O sujeito da oração é você


                                                  

                Não gosto de enviar mensagens de bom dia, boa tarde, boa noite...Não sei se as pessoas têm tanto tempo assim de ficarem lendo. Mas gosto de muitas que recebo. Por exemplo, desta : -"Se é para viver, vamos viver direito. Com conteúdo. Troque o verbo, mude a frase, inverta a culpa. O sujeito da oração é você. A história é sua, mãos à obra! Melhore aquele capítulo, joque fora o que não cabe mais, embole a tristeza , o medo, aceite seus erros, reescreva-se. Republique-se. Reinvente-se. E transforme-se na melhor edição feita de você."

                É isso aí. Cada um escreve a sua história. Se aquele capítulo não está bom, embola tudo, amassa, joga no lixo e começa a escrever outro. Invente, ouse, sonhe, enfrente desafios. Mesmo que dê muita confusão. Como aconteceu com a minha amiga, que não vou contar o nome, para proteger a personagem.

                Ela, professora universitária e já na casa dos 60 anos,  estava se sentindo fora do contexto social porque não tinha Facebook. Resolveu pedir auxílio à uma sobrinha para entrar nessa rede. Deu certo e já no primeiro dia, muito conhecida e amada pelos alunos, recebeu dezenas de mensagens. Algumas que achou muito estranhas, parabenizando-a e oferecendo apoio por ela ter assumido sua orientação sexual. No segundo dia, a mesma coisa. Sem entender o que acontecia, pediu socorro novamente á sobrinha. Essa chamou-a de "burra" e mostrou o problema. Havia uma pergunta na descrição do perfil: -"Você gosta de menino ou de menina ?" A minha amiga, pensando em meninos e meninas criancinhas, pensou :- " Uai, claro que gosto dos dois ". E marcou. Pronto, com isso se identificou como bissexual. E recebeu todo apoio. Apavorada, saiu do Facebook e nunca mais voltou. Embolou este capítulo e jogou fora, foi uma reinvenção que não deu certo. Mas continuou tentando se reinventar e transformar-se em uma edição melhor dela mesma. Já com dois cursos de graduação, pós-doutorado no exterior, aposentada, está agora cursando disciplina optativa na universidade. Chega na sala de aula com seus vestidinhos estampados coloridos e de alcinhas, caneta com florzinha de crochê na ponta e senta-se no meio de jovens  vestidos de preto e com tatuagem. Dia destes o professor perguntou: "  - Quem é favorável á liberação da maconha?" Todos levantaram a mão, menos ela...Ah, e teve um colega que perguntou : -" Você beija menina? Pediram para eu perguntar pra você." E ela, espantada: " Na boca???"  Depois, completou : -"Eu beijava menino, mas no momento não beijo mais nada!" Agora ela anda escrevendo o próximo capítulo.

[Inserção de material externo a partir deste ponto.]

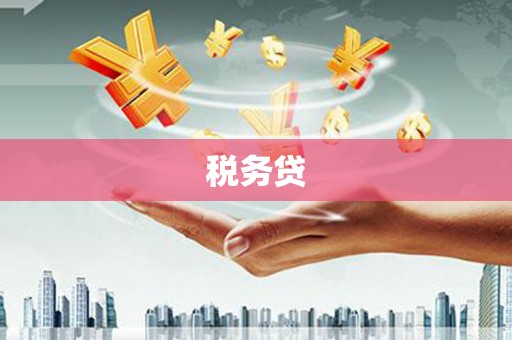 林芝税务贷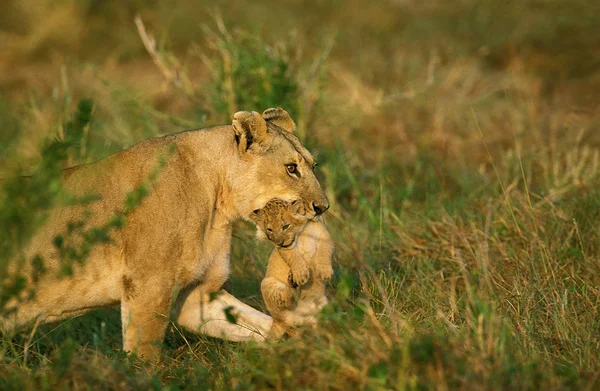 Leeuw D 'Afrique panthera leo — Stockfoto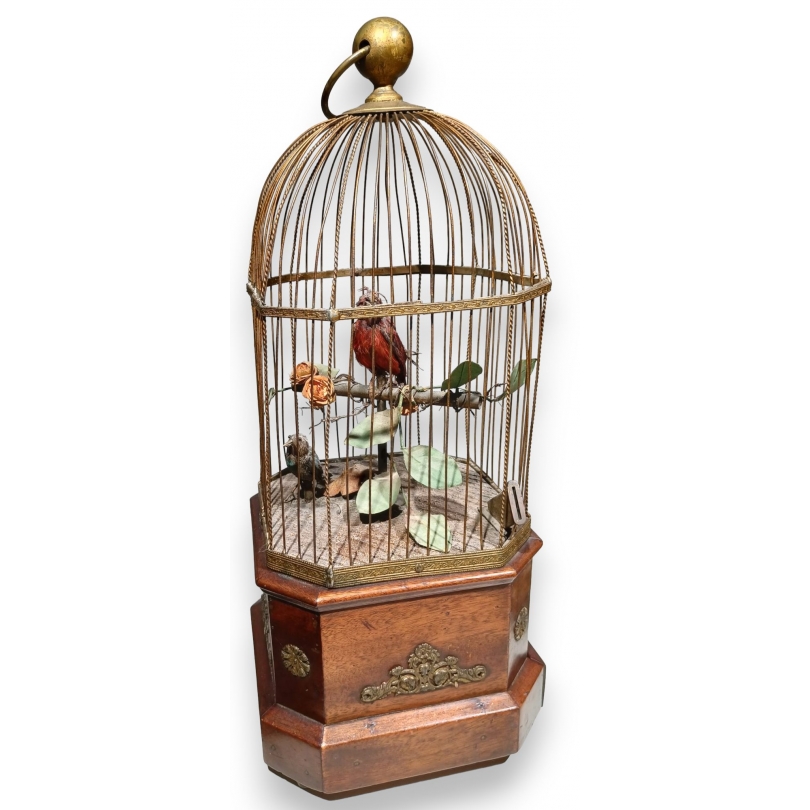 Oiseau chanteur par BONTEMPS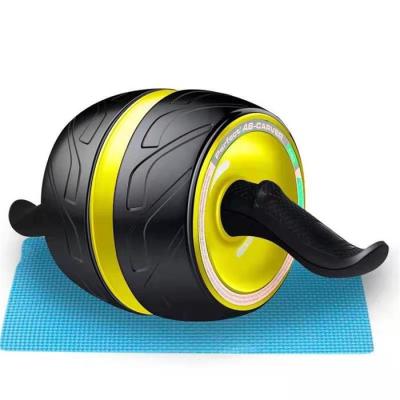 China Outdoor Eco-friendly Commercial Gym Sporting Goods Power Gym Wheel For Strength Training/Fitness Roller Gym Exercise Belly Power Wheel for sale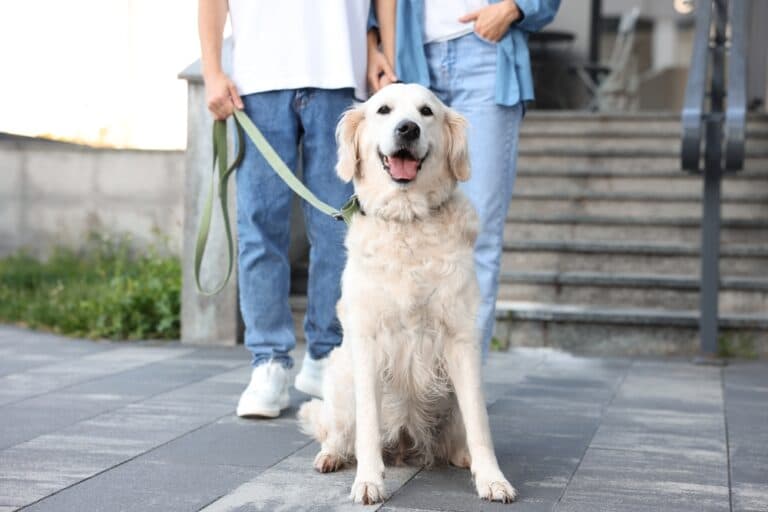 Do Golden Retrievers Turn On Their Owners?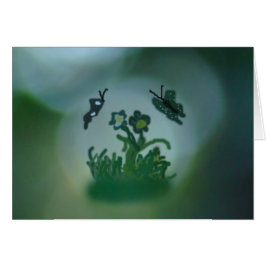 Digital Butterfly Dreamin' OBS Kort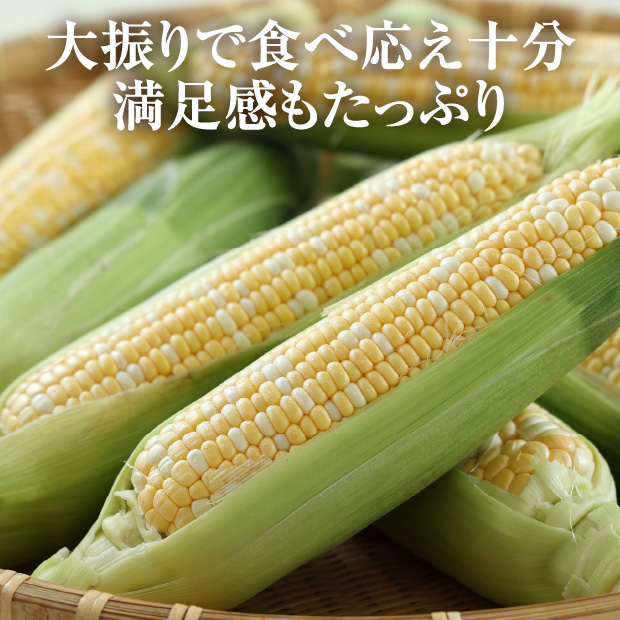 富良野産ゆめのコーンビッグ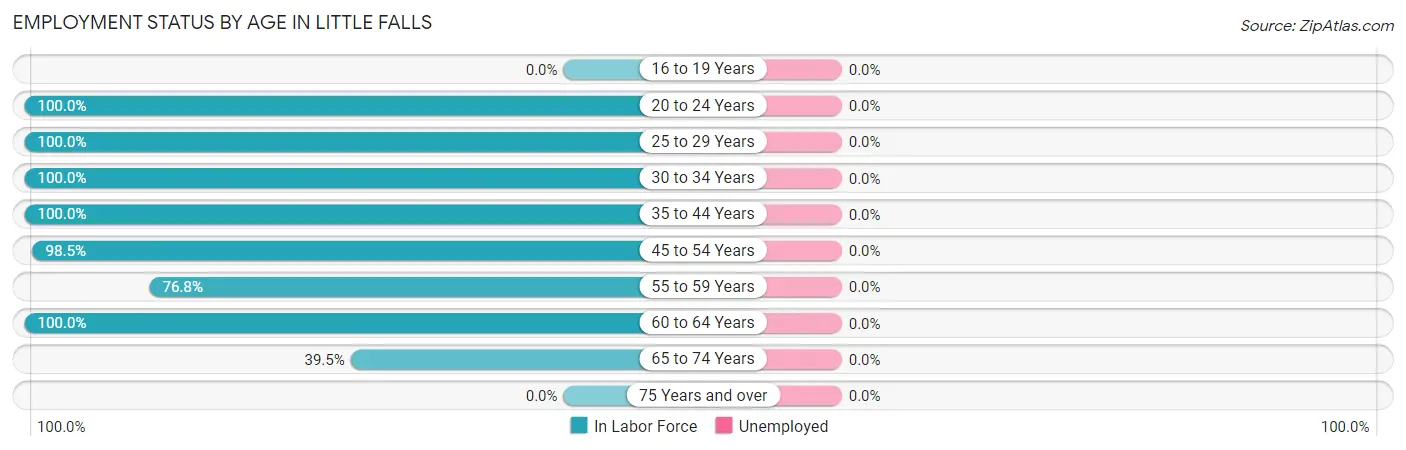 Employment Status by Age in Little Falls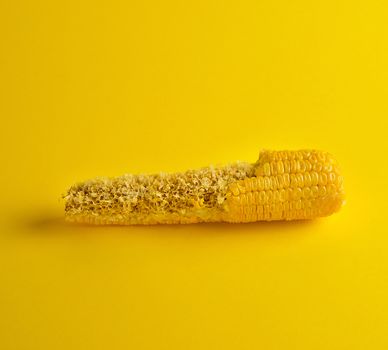 boiled corn cob is bitten and lies on a yellow background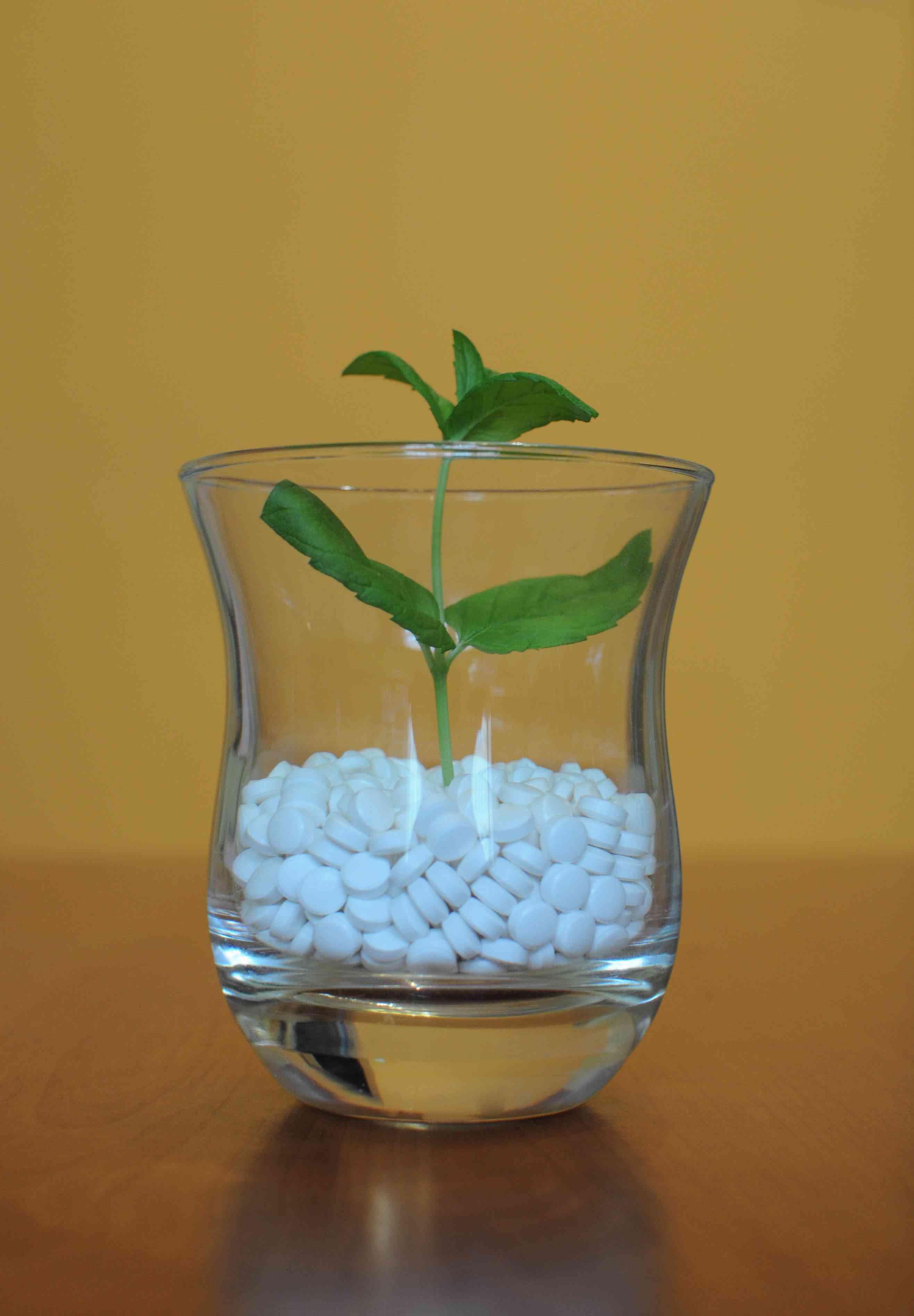 Rimedi omeopatici: cosa sono?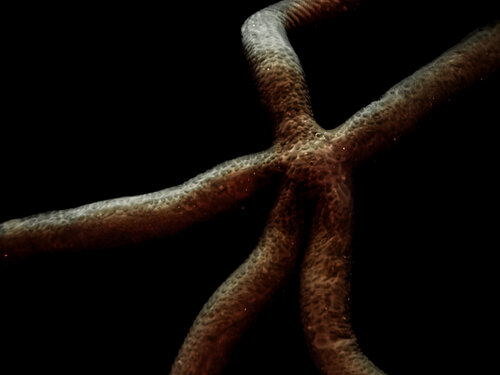 Sea A Star de Heather Hollis, Fotografía a la venta en Singulart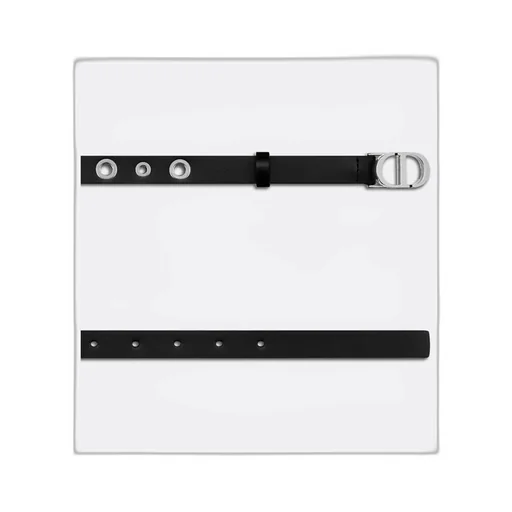 30 Montaigne Belt
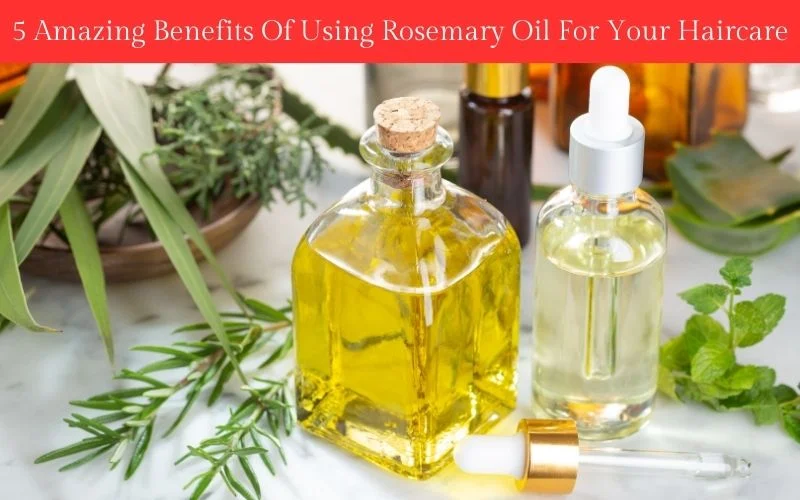 5 Incredible Benefits of Rosemary for Hair Growth and Care - 5 Amazing Benefits Of Using Rosemary Oil For Your Haircare - Web News Orbit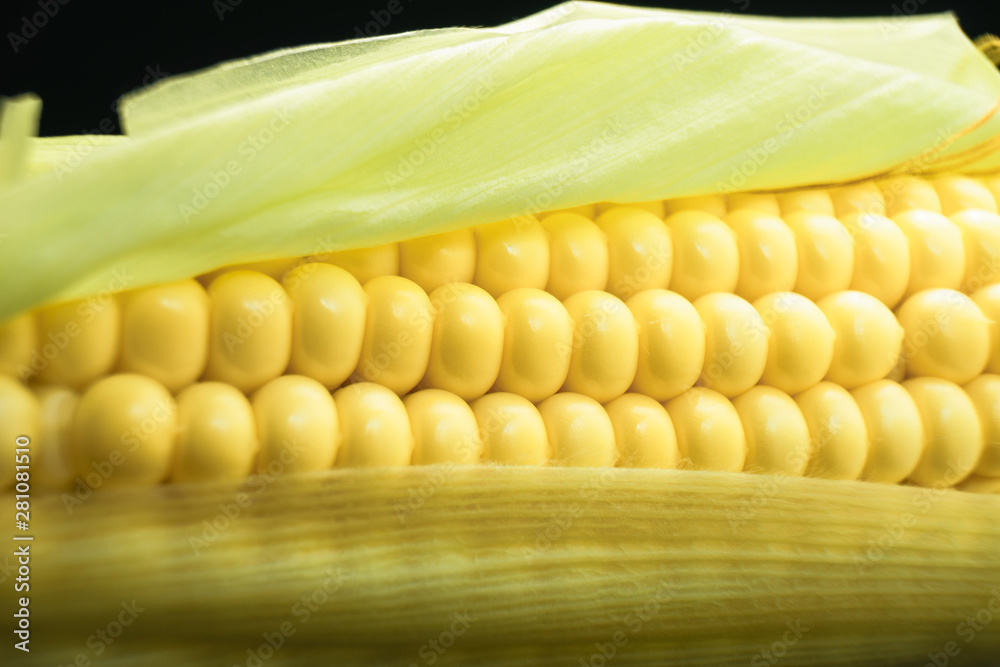 Poster close up beautiful fresh corn maze on a black background. macro view.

                O importante é viver com conteúdo e se reescrever sempre. Eu, por exemplo, tentando enriquecer os capítulos finais da minha história, resolvi ser fazendeira, sem entender do assunto. Vou trocando os verbos, colocando conjunções , mudando as frases e vai dando certo . Por exemplo: "Tenho trinta vacas e não tenho nenhum boi. Não posso comprar outro porque todos os que comprei morreram. " Daí coloco uma conjunção adversativa, acrescento um verbo e resolvo o problema: "Não posso comprar um boi, MAS posso pedir um emprestado" . E os casos que acontecem por lá dão emoção aos capítulos. Como no caso da galinha. Tenho três galinhas e dois galos.  Dia desses, o caseiro enviou um aúdio avisando que o galo foi subir na galinha  e escadeirou a galinha (do verbo escadeirar, lesar a bacia abdominal e torácica)  . E ele não sabia se podia comer a galinha. Daí, coloco uma interjeição, uma conjunção causal  e encerro o drama: "Jesus!Mas isso acontece?? Melhor o caseiro comer a galinha e eu comer o galo quando for na fazenda, PORQUE ainda restará um galo e a galinha não ficará sofrendo". Lembrando que esse é um período composto e na oração sindética aditiva "e eu comer o galo" , o sujeito é o pronome pessoal reto, "eu". Porque cada um de nós  é sempre o sujeito da oração.